Güvenlik Sektörünün Demokratik Denetimi Almanak-2’nin iki editöründen birisiniz. Türkiye’de bu alanda yaşanan sorun tam olarak ne?
Tüm dünyada güvenlik hizmetlerinde çalışan aktörler, sivil demokratik güçlerce denetlenmekten pek hoşlanmazlar. Bu, Türkiye’ye özgü değil tüm dünyada böyle ve demokratikleşme açısından önemli bir gerilim noktasıdır. Polis; milletvekilleri, avukatlar, insan hakları derneklerince, asker; kendisinin bütçesinin harcamalarının sivil güçlerce denetlenmesinden hoşlanmaz. O kadar ki, sivil güvenlik hizmeti sunan kuruluşlar bile denetim dışında kalmak ve olağanüstü yetki istemekte ısrarcıdırlar.
Neden böyledir?
Çünkü ‘konu, güvenlik olduğu için bu hizmeti verenlere takdir yetkisi verilmelidir yoksa güvenlik hizmetinde aksama olur ve telafisi mümkün olmayan sonuçlar ortaya çıkar’ diye bir genel yaklaşım vardır.
Yapıp ettiklerinin hikmetinden sual olunamaz olduğu düşüncesindeler yani!
Aynen öyle. Bu asker için de, polis için de, sivil güvenlik görevlileri için de geçerli. Güvenlik anlayışı, güvenlik sektöründe çalıştığınız andan itibaren otomatikman sizi böyle bir geniş takdir yetkisi tanınması talebine götürür. Ama demokratik toplumlarda bu yetki sınırlanır, denetlenir. Bu da, esas olarak parlamento ve onu tamamlayan denetim kuruluşlarının görevidir. Türkiye’de sorun, asker sivil çatışması olarak algılanıyor ama buna indirgenmemesi lazım.
TSK SİYASİ PARTİ GİBİ
Bu sorunun böyle algılanması Türkiye’ye mi özgü peki?
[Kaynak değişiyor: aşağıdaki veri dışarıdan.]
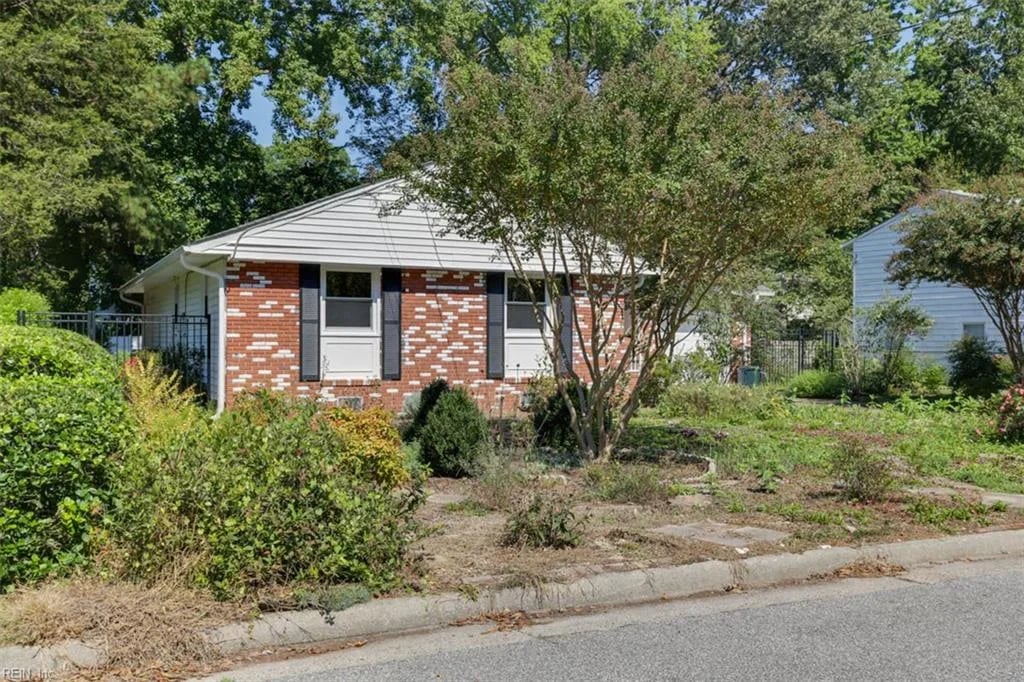114 Linbrook DR, Newport News — 3 bed Residential, 1,804 sqft
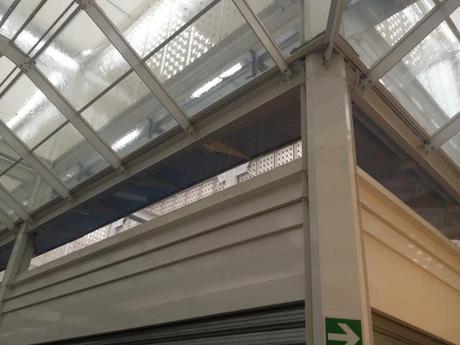 Il Nuovo Mercato Testaccio alle prese con la pioggia. Foto e video di un altro piccolo disastro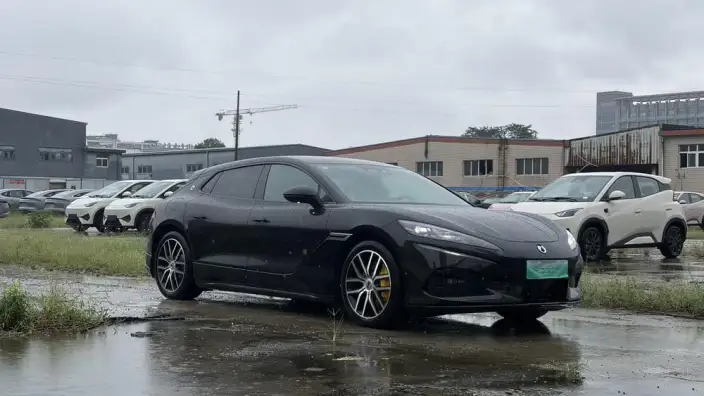 DENZA Z9GT EV 2024 Model 630 4WD Pro Edition – фото 3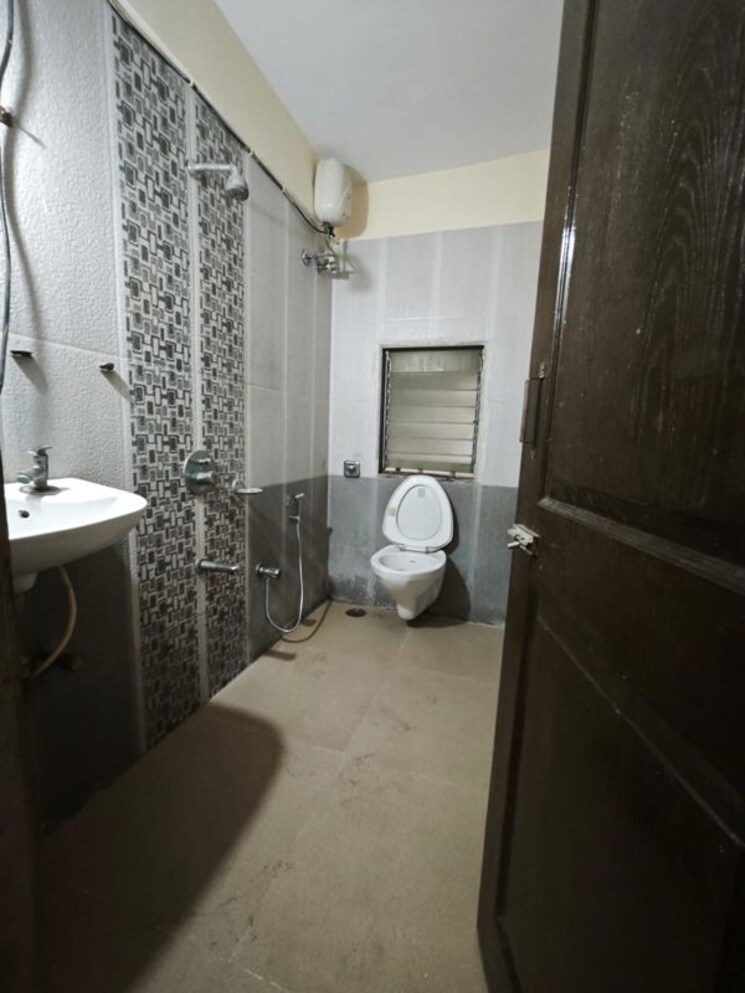 Bathroom, sainath nagar 3 Bedroom 1100 Sq.Ft. Apartment In Sainath Nagar Mumbai 9775079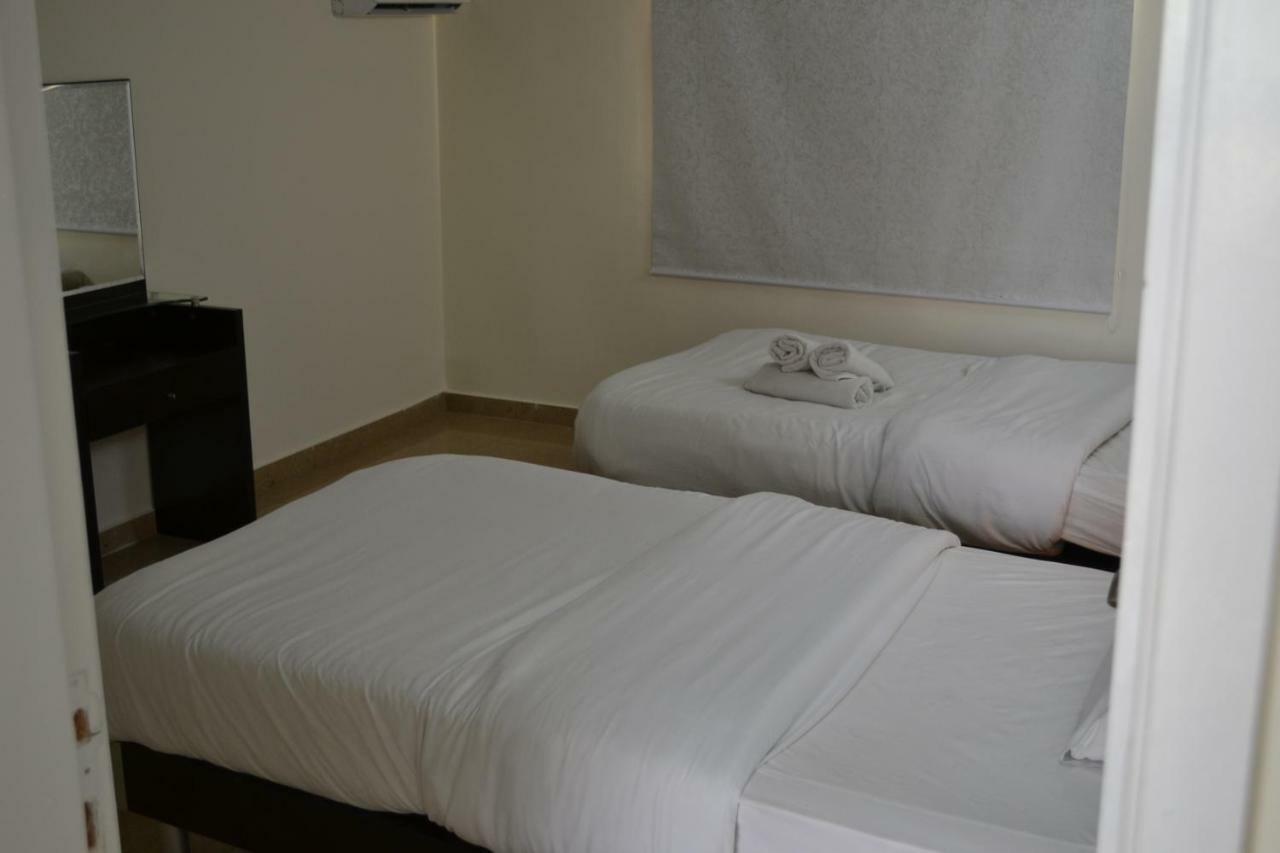 Silver Apartments Бейрут Екстериор снимка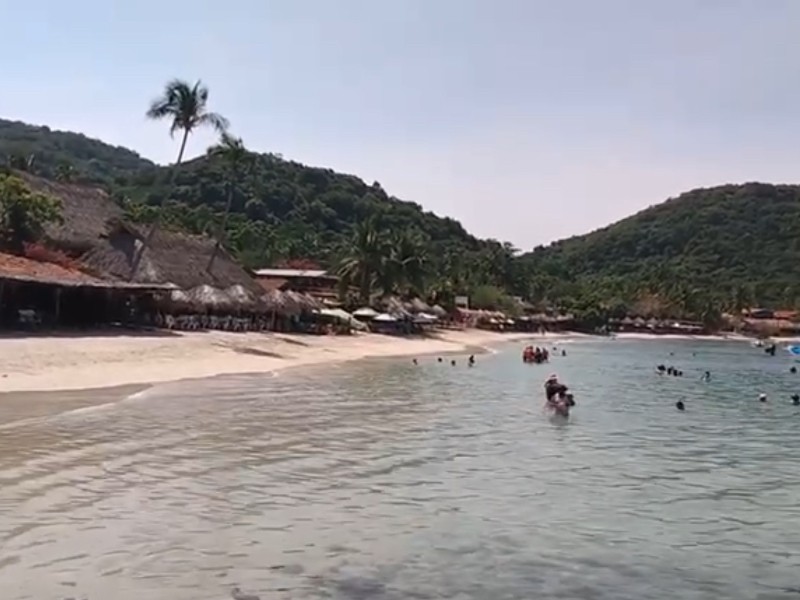 Turismo no consume en playa Las Gatas, ingresan con alimentos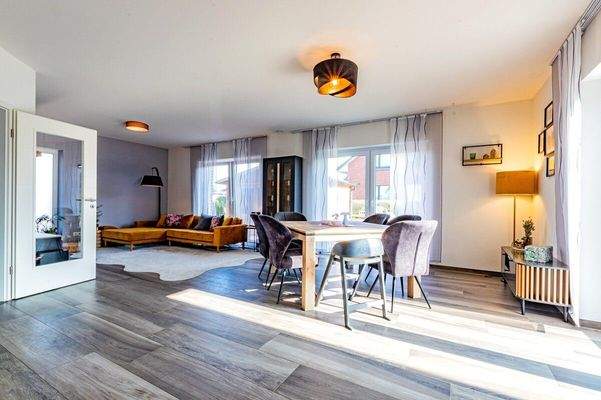 Großer Wohn-/ Essbereich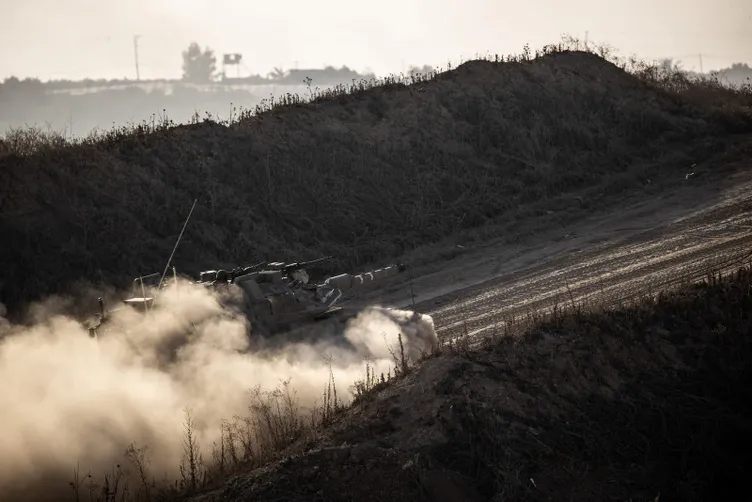 SON DAKİKA | İsrail ordusuna büyük darbe: Üsler ele geçirildi, tanklar imha edildi!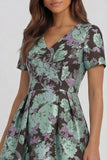Robe d'invitée de mariage midi imprimé floral bleu et blanc ligne A manches courtes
Latin Amerika’da bu sorunlar yaşandı. Darbe sonrası Arjantin’de darbeciler yargılandı. Bugün Latin Amerika’da, özellikle Brezilya gibi büyük ve güçlü ülkelerde askeri vesayet sorunu büyük ölçüde aşıldı. Ama bu sorun bütünüyle hiçbir yerde çözülmez. ABD’de de askerler kendilerine bir kapalı alan oluşturmaya çalışıyorlar ama güvenlik konusunda uzmanlaşmış, söz sahibi sivil güçler ve partiler alanı boş bırakmıyor. ABD’de ulusal güvenlik konseyi askerlerin egemen olduğu bir konsey değildir. Türkiye’de, Cumhuriyet’in kuruluşundan beri var olan ve askeri darbelerle zaman içinde pekişen bir askeri vesayet sorunumuz var. TSK mensupları siyasal iktidarda olmasalar da kendilerini ülkenin siyasal yönetiminden sorumlu bir zümre olarak görüyorlar. TSK bir siyasal parti görünümü arz ediyor.
3 hakiki, 1 post modern darbe ile bir adet e-muhtıranın etkisi katkısı ne oldu soruna?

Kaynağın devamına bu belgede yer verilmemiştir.